##### Provided information

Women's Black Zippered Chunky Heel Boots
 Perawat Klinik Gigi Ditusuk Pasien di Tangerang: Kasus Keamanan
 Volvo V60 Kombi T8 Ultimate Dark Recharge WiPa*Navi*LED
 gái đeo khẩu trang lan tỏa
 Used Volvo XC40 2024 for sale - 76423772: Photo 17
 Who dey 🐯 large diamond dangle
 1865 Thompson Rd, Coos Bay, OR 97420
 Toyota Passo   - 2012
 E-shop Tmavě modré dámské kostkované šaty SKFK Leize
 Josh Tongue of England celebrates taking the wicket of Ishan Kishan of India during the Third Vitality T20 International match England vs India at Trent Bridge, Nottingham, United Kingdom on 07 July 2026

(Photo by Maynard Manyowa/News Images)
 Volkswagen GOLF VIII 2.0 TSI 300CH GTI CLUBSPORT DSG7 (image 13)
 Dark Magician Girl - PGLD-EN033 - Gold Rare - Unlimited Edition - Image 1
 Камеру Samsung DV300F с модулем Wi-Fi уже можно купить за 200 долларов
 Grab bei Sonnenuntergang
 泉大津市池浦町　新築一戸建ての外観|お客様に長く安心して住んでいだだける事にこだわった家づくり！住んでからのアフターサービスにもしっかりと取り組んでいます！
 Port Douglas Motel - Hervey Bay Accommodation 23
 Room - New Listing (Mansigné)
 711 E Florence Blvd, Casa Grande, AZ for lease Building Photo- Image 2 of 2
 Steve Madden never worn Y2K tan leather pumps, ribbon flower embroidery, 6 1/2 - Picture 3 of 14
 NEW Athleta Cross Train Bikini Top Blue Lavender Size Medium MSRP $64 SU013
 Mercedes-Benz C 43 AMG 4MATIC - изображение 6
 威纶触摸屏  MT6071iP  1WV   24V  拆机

##########

▶ Task brief
All of the records above must be reproduced exactly.

▶ Written response
Women's Black Zippered Chunky Heel Boots
 Perawat Klinik Gigi Ditusuk Pasien di Tangerang: Kasus Keamanan
 Volvo V60 Kombi T8 Ultimate Dark Recharge WiPa*Navi*LED
 gái đeo khẩu trang lan tỏa
 Used Volvo XC40 2024 for sale - 76423772: Photo 17
 Who dey 🐯 large diamond dangle
 1865 Thompson Rd, Coos Bay, OR 97420
 Toyota Passo   - 2012
 E-shop Tmavě modré dámské kostkované šaty SKFK Leize
 Josh Tongue of England celebrates taking the wicket of Ishan Kishan of India during the Third Vitality T20 International match England vs India at Trent Bridge, Nottingham, United Kingdom on 07 July 2026

(Photo by Maynard Manyowa/News Images)
 Volkswagen GOLF VIII 2.0 TSI 300CH GTI CLUBSPORT DSG7 (image 13)
 Dark Magician Girl - PGLD-EN033 - Gold Rare - Unlimited Edition - Image 1
 Камеру Samsung DV300F с модулем Wi-Fi уже можно купить за 200 долларов
 Grab bei Sonnenuntergang
 泉大津市池浦町　新築一戸建ての外観|お客様に長く安心して住んでいだだける事にこだわった家づくり！住んでからのアフターサービスにもしっかりと取り組んでいます！
 Port Douglas Motel - Hervey Bay Accommodation 23
 Room - New Listing (Mansigné)
 711 E Florence Blvd, Casa Grande, AZ for lease Building Photo- Image 2 of 2
 Steve Madden never worn Y2K tan leather pumps, ribbon flower embroidery, 6 1/2 - Picture 3 of 14
 NEW Athleta Cross Train Bikini Top Blue Lavender Size Medium MSRP $64 SU013
 Mercedes-Benz C 43 AMG 4MATIC - изображение 6
 威纶触摸屏  MT6071iP  1WV   24V  拆机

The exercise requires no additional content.